— Assignment —
Please output the data exactly, minus pictures.

— Records for this exercise —
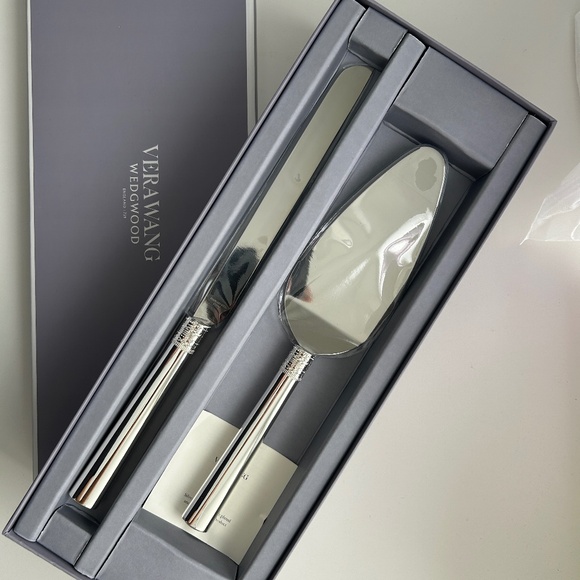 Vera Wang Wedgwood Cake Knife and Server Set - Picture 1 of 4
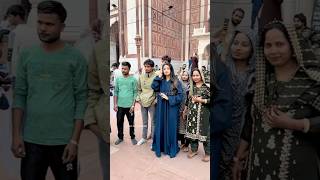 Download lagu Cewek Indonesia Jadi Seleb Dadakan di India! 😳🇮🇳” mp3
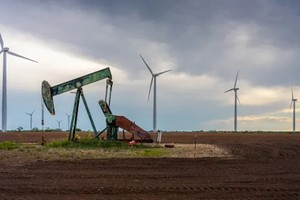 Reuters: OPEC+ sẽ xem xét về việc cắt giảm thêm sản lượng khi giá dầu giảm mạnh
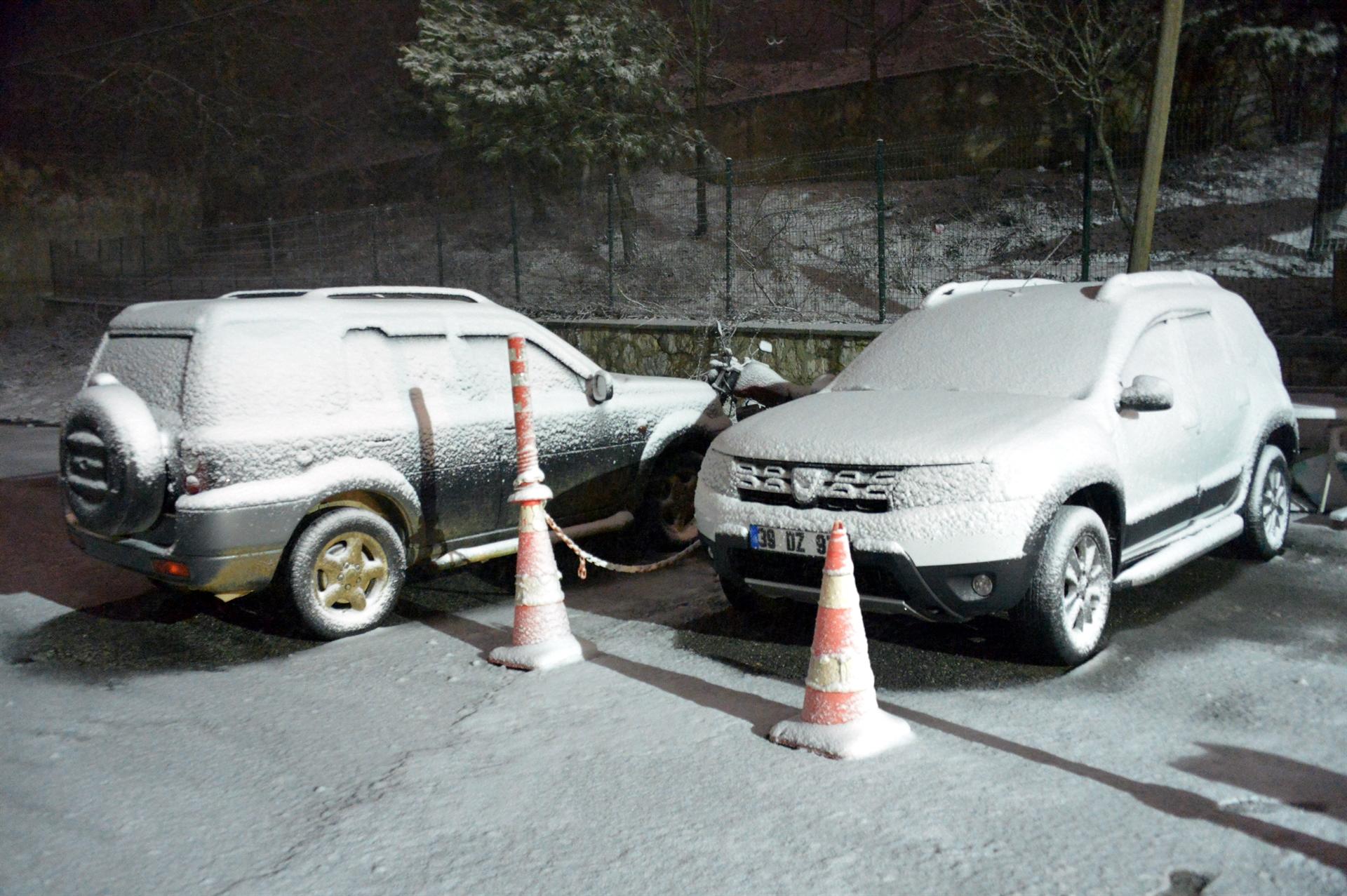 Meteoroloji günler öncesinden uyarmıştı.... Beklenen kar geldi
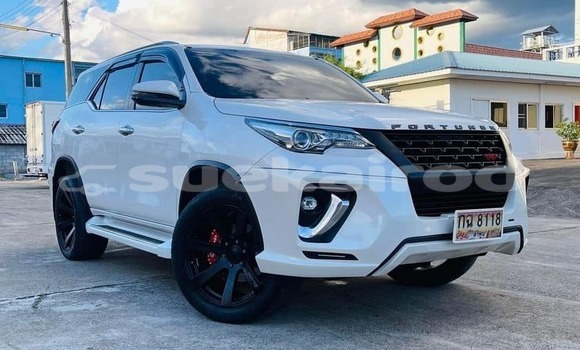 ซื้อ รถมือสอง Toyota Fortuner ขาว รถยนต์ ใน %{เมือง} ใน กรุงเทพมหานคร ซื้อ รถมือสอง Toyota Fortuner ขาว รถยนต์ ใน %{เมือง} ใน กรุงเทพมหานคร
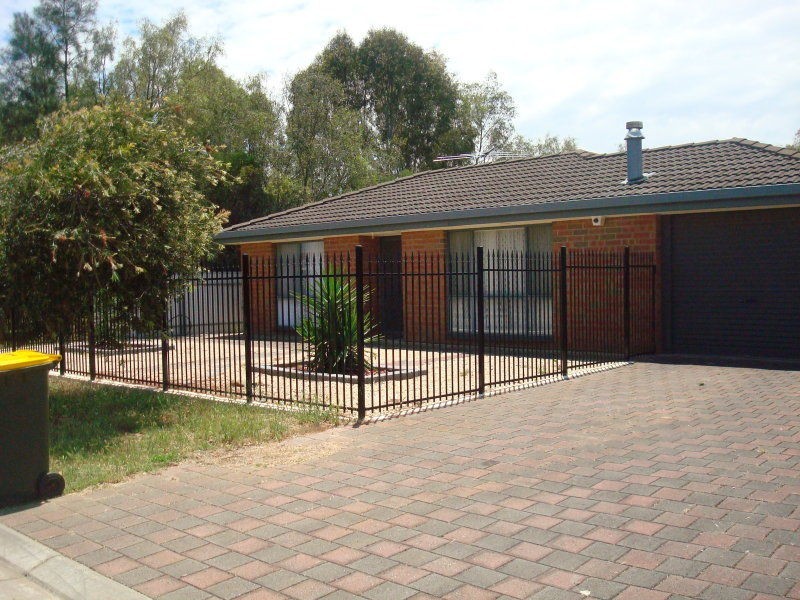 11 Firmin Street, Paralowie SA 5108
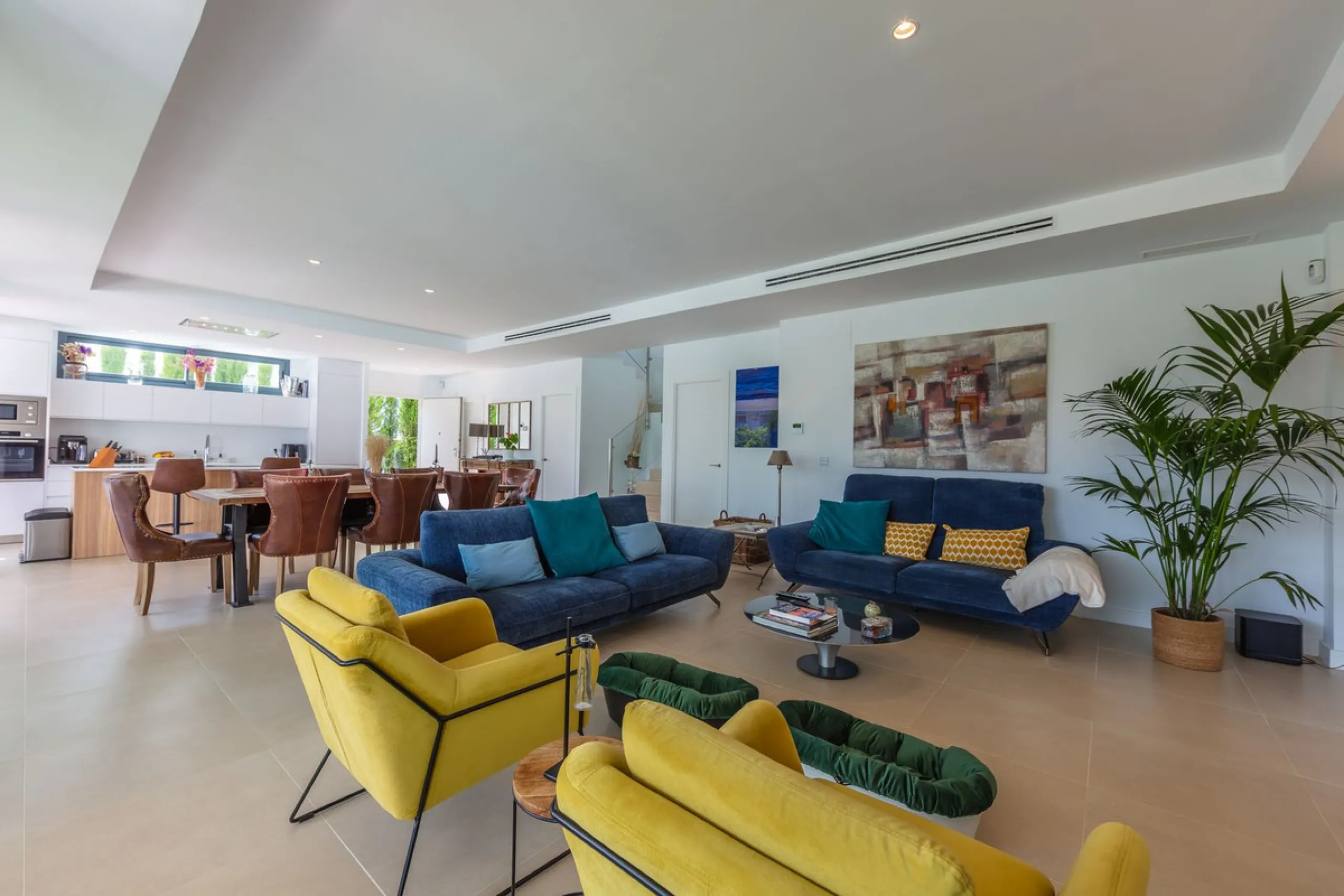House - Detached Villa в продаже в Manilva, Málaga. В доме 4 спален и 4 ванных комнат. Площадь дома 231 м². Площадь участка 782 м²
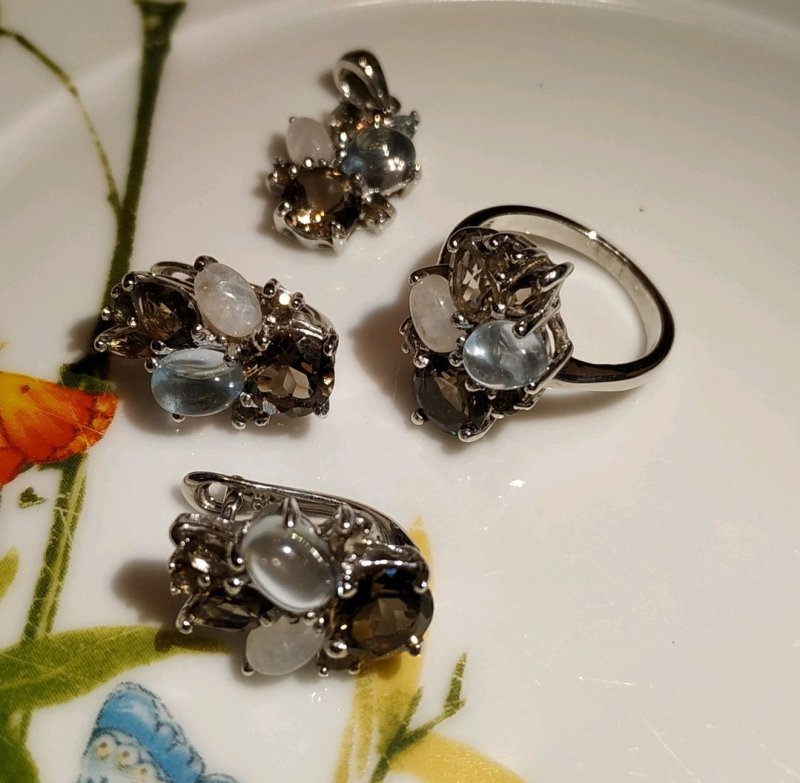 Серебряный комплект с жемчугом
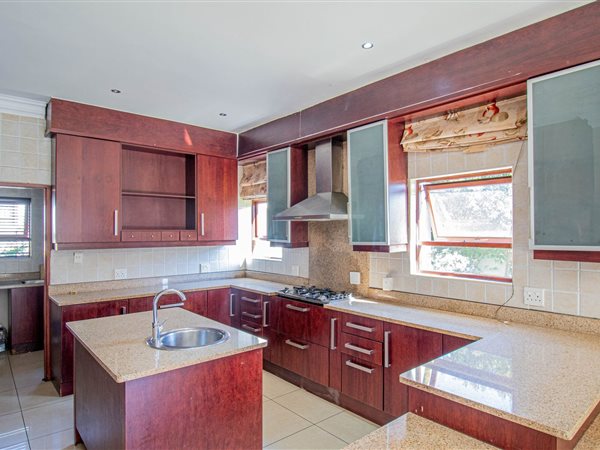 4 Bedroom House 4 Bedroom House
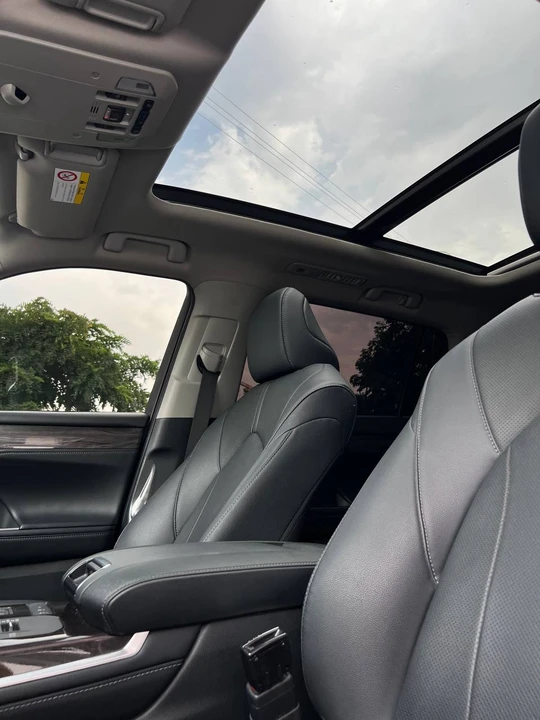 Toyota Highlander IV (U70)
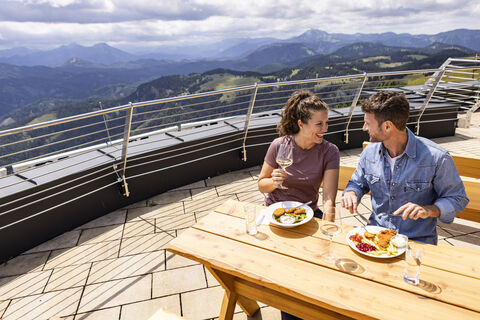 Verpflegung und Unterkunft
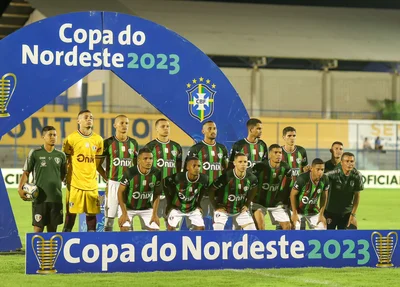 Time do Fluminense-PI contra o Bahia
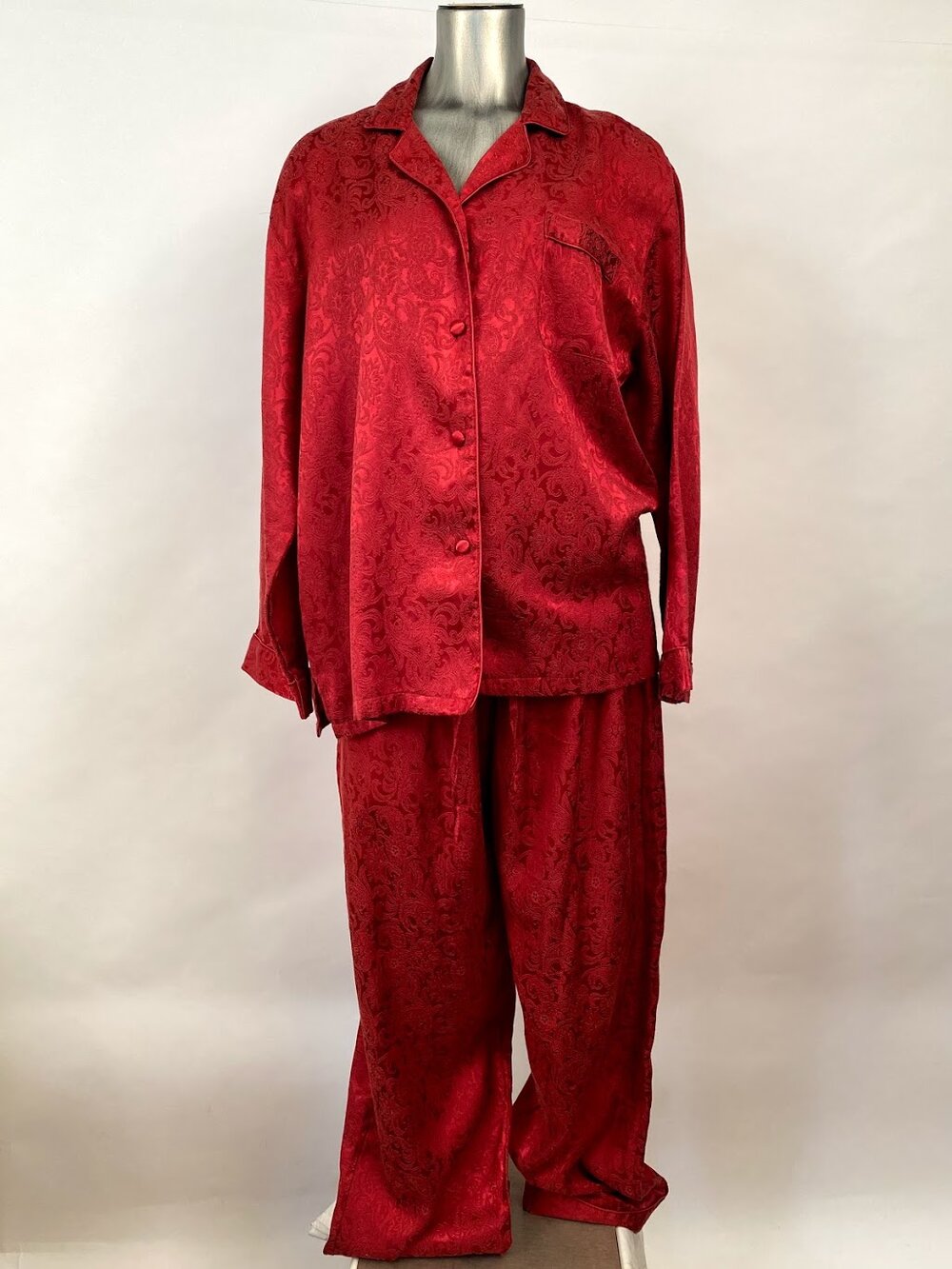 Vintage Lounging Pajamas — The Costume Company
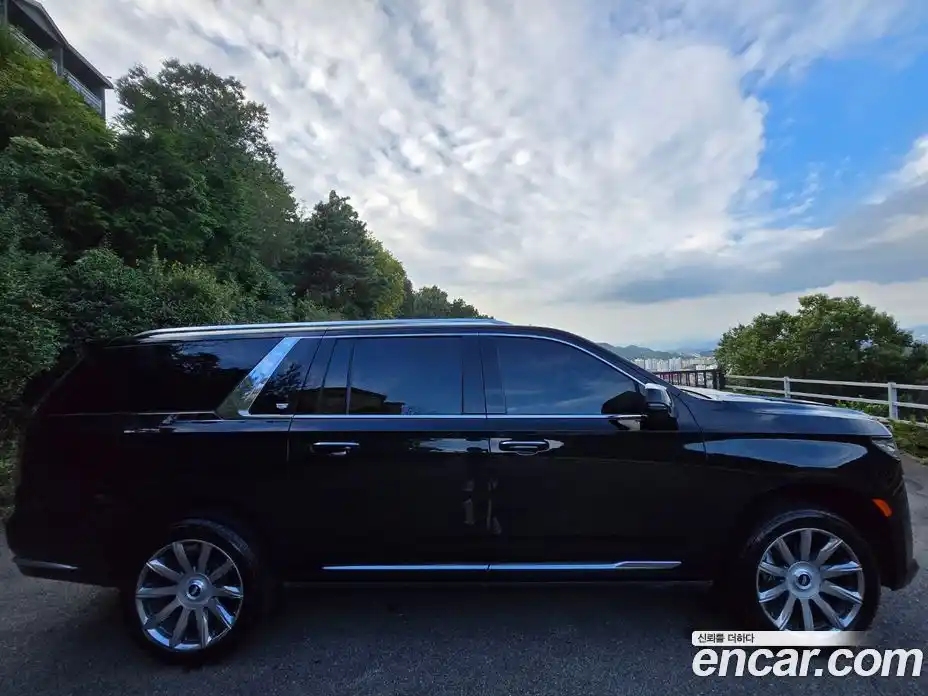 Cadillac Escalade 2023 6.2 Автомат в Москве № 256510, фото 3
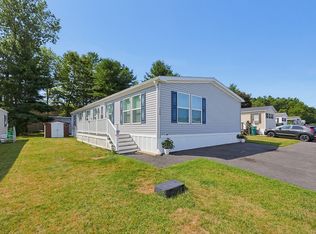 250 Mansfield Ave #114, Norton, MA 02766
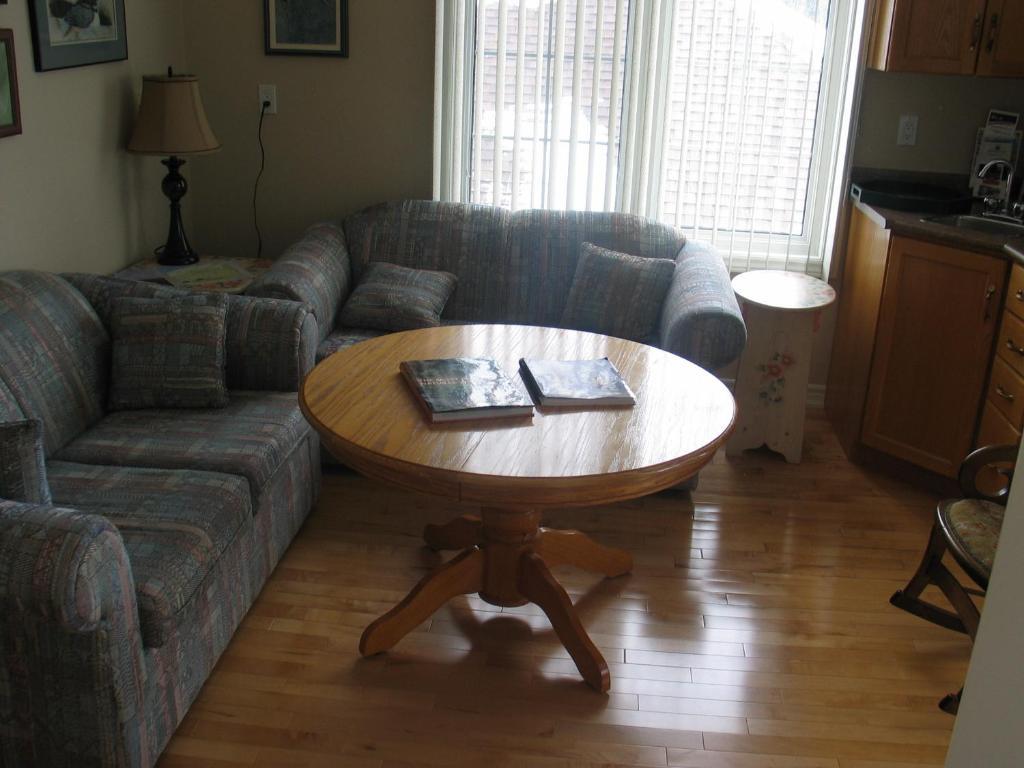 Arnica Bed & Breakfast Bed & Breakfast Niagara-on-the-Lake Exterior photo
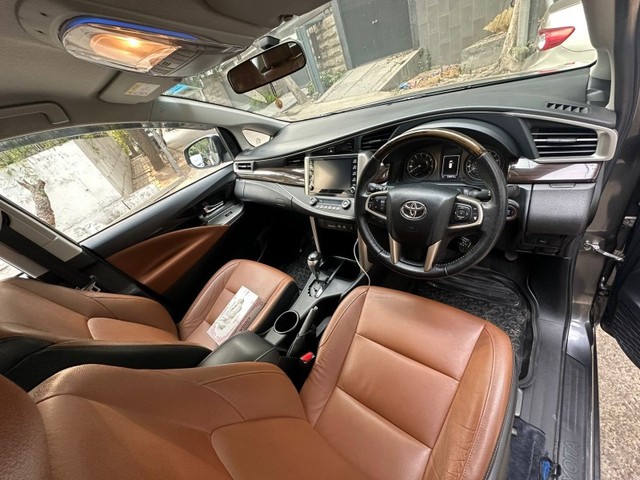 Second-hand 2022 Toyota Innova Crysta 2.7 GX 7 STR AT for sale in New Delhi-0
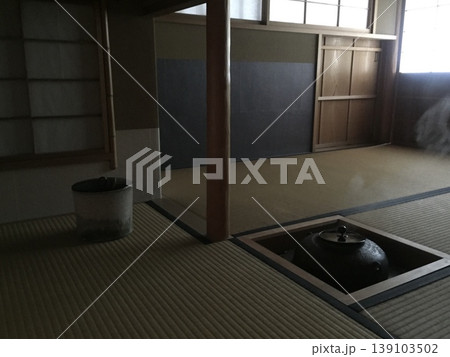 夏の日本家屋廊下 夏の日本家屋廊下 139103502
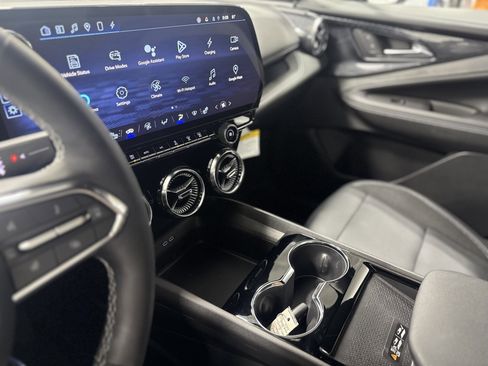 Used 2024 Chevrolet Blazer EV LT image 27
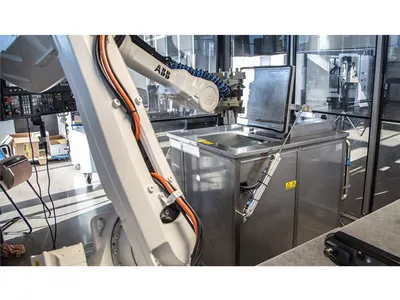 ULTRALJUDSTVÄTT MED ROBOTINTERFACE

— Response —
 Vera Wang Wedgwood Cake Knife and Server Set - Picture 1 of 4
 Download lagu Cewek Indonesia Jadi Seleb Dadakan di India! 😳🇮🇳” mp3
 Reuters: OPEC+ sẽ xem xét về việc cắt giảm thêm sản lượng khi giá dầu giảm mạnh
 Meteoroloji günler öncesinden uyarmıştı.... Beklenen kar geldi
 ซื้อ รถมือสอง Toyota Fortuner ขาว รถยนต์ ใน %{เมือง} ใน กรุงเทพมหานคร ซื้อ รถมือสอง Toyota Fortuner ขาว รถยนต์ ใน %{เมือง} ใน กรุงเทพมหานคร
 11 Firmin Street, Paralowie SA 5108
House - Detached Villa в продаже в Manilva, Málaga. В доме 4 спален и 4 ванных комнат. Площадь дома 231 м². Площадь участка 782 м²
 Серебряный комплект с жемчугом
 4 Bedroom House 4 Bedroom House
 Toyota Highlander IV (U70)
 Verpflegung und Unterkunft
 Time do Fluminense-PI contra o Bahia
 Vintage Lounging Pajamas — The Costume Company
 Cadillac Escalade 2023 6.2 Автомат в Москве № 256510, фото 3
 250 Mansfield Ave #114, Norton, MA 02766
 Arnica Bed & Breakfast Bed & Breakfast Niagara-on-the-Lake Exterior photo
 Second-hand 2022 Toyota Innova Crysta 2.7 GX 7 STR AT for sale in New Delhi-0
 夏の日本家屋廊下 夏の日本家屋廊下 139103502
 Used 2024 Chevrolet Blazer EV LT image 27
 ULTRALJUDSTVÄTT MED ROBOTINTERFACE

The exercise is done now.